After she graduated, Schneider did find a job in her field but she was unable to keep up with the workload, which she said she was unprepared to do based off of what she learned at the school. After three months, she lost her job and is now a stay-at-home mom.

Schneider now has about $30,000 in student loans, which ballooned up from $20,000 after she was unable to make payments. Her mother has Parent Plus loans to the tune of $60,000. After defaulting on her loans, she tried to get an income-based repayment plan, considering that she is unemployed. After much wrangling with the student loan servicers, Navient and Sallie Mae, which she said lost her records several times, she finally managed to get an administrative forbearance — but now, the interest will accumulate.

According to a recent report from the Consumer Financial Protection Bureau, it’s not not unusual for student loan servicers to lose borrowers’ information or misinform borrowers on their repayment options. In the absence of information about income-based repayment plans or applying for a borrower defense to repayment, many borrowers fall prey to scams that offer costly services to file paperwork that can be done online for free.

“I tried to convince my mom to let me drop out but she didn’t really understand because she didn’t see how it could be a scam school. She said, ‘It’s a college. How can it be a scam?’” Schneider recalled. “In her generation, she thought going to college was the golden ticket to the middle class.”

CREDIT: edited photo by Craig Hammond

Jo Kirby, 30, is one of few Art Institute students who said she enjoyed her actual curricula at the Art Institute of Salt Lake City studying the culinary arts. But although Kirby’s experiences with her professors were positive, her relationship with the administration was very difficult and in 2009, she withdrew after only five months at the school.

“I had a 4.0 in all of my classes. The chefs were giving me good feedback and inside the kitchen and it was a positive experience most of the time. But outside the kitchen it was a pretty awful experience,” Kirby said.

Her problems with the administration began when the administration said she would lose her loans because she did not provide documentation that she completed high school. Kirby, who informed the school of her homeschooling when she first enrolled, rushed to make sure the relevant documents were provided to the dean, who was difficult to get in touch with.
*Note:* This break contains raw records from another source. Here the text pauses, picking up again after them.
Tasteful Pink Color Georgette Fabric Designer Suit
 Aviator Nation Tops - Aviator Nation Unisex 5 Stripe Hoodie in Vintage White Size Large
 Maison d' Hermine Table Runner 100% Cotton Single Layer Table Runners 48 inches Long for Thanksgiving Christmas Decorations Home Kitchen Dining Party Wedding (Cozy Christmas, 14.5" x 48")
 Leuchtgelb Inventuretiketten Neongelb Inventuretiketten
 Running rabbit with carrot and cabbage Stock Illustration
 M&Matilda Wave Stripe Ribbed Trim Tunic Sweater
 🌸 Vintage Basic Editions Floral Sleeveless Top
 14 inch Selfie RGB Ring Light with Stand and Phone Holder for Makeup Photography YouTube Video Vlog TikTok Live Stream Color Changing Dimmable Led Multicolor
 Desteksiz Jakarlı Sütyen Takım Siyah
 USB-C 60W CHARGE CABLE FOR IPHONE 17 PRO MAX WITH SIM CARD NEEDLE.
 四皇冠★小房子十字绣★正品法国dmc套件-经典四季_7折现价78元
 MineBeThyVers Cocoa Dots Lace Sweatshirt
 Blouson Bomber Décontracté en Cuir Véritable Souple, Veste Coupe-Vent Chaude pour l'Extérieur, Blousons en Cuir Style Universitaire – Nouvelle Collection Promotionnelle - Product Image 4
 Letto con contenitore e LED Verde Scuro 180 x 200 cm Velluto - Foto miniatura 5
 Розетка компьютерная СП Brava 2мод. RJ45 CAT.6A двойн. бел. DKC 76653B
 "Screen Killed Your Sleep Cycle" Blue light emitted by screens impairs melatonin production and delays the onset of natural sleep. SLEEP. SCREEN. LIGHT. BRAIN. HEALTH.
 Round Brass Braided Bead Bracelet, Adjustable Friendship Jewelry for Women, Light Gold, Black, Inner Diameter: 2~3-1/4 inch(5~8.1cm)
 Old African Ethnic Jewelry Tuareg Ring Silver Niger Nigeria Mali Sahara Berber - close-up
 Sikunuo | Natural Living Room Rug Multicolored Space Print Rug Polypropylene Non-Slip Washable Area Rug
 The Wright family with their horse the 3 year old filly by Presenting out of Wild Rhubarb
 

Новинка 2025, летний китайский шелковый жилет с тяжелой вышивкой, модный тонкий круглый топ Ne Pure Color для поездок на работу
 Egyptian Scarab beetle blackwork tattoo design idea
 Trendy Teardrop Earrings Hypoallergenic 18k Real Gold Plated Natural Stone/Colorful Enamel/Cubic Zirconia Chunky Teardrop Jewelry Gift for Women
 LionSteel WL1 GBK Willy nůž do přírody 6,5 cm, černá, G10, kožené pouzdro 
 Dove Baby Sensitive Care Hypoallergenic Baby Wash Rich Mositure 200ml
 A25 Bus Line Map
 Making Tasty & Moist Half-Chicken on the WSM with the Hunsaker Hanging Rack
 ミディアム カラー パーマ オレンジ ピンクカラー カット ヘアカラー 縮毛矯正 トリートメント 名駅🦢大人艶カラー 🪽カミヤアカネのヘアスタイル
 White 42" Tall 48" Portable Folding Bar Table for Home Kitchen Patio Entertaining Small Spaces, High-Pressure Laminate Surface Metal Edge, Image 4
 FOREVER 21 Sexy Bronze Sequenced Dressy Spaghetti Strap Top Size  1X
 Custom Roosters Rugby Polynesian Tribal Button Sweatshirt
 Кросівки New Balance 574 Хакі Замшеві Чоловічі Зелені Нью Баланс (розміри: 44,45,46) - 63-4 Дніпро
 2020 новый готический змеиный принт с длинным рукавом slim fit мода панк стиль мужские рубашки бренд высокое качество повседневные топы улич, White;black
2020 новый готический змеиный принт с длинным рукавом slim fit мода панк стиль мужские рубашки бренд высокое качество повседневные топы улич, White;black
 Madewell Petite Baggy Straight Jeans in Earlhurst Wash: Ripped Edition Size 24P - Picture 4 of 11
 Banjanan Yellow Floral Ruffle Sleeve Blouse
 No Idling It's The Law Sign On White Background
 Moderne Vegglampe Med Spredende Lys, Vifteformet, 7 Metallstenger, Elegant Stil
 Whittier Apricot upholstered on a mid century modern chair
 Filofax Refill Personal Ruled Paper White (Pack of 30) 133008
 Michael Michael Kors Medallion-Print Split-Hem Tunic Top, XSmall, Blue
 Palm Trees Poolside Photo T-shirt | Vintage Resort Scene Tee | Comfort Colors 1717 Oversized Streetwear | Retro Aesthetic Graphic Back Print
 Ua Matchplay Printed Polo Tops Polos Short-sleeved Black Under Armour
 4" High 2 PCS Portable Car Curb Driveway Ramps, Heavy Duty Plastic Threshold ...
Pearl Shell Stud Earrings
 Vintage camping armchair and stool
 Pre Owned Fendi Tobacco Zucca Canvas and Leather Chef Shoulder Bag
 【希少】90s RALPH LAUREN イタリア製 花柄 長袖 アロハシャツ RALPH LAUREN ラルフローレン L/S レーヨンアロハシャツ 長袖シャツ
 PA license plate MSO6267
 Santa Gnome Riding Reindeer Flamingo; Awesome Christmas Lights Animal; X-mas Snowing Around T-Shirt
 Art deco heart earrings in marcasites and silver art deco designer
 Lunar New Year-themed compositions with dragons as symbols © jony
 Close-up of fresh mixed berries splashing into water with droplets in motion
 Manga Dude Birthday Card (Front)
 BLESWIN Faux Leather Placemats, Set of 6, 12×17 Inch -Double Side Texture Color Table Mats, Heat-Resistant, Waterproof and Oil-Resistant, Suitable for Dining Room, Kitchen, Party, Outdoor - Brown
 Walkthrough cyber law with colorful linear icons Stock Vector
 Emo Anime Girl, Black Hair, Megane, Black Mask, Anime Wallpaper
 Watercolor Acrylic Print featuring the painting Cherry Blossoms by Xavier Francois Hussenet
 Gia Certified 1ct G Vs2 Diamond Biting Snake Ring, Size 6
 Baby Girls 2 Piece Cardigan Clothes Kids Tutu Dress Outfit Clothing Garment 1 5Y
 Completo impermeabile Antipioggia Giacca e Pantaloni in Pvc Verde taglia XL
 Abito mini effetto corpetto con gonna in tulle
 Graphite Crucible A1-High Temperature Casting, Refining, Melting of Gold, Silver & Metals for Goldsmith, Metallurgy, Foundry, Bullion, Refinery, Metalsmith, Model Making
But it wasn’t enough. She lost her loans and was informed that she would have to pay $12,000; her only alternative was take out private loans administered by the college, which would cost her $500 a month. Kirby didn’t have the money to make those payments. After many unsuccessful attempts to get in touch with the dean, Kirby decided she would withdraw from the program. Then she received a swift response.

It’s not unusual for former students and graduates of for-profit colleges to recount that staff at the school were very unavailable, if not impossible, to get a hold of after many months of emails and follow-up phone calls. Graduates have also been told that their respective schools don’t have documents on financial aid “going back that far” — or in the case of the graduates I spoke to, five to eight years ago. For-profit colleges are also known to spend very little on support staff in order to make more money. A 2012 Senate HELP report found that for 15 publicly traded education companies 22 percent of the college’s revenue went toward marketing and 19.7 percent toward profit.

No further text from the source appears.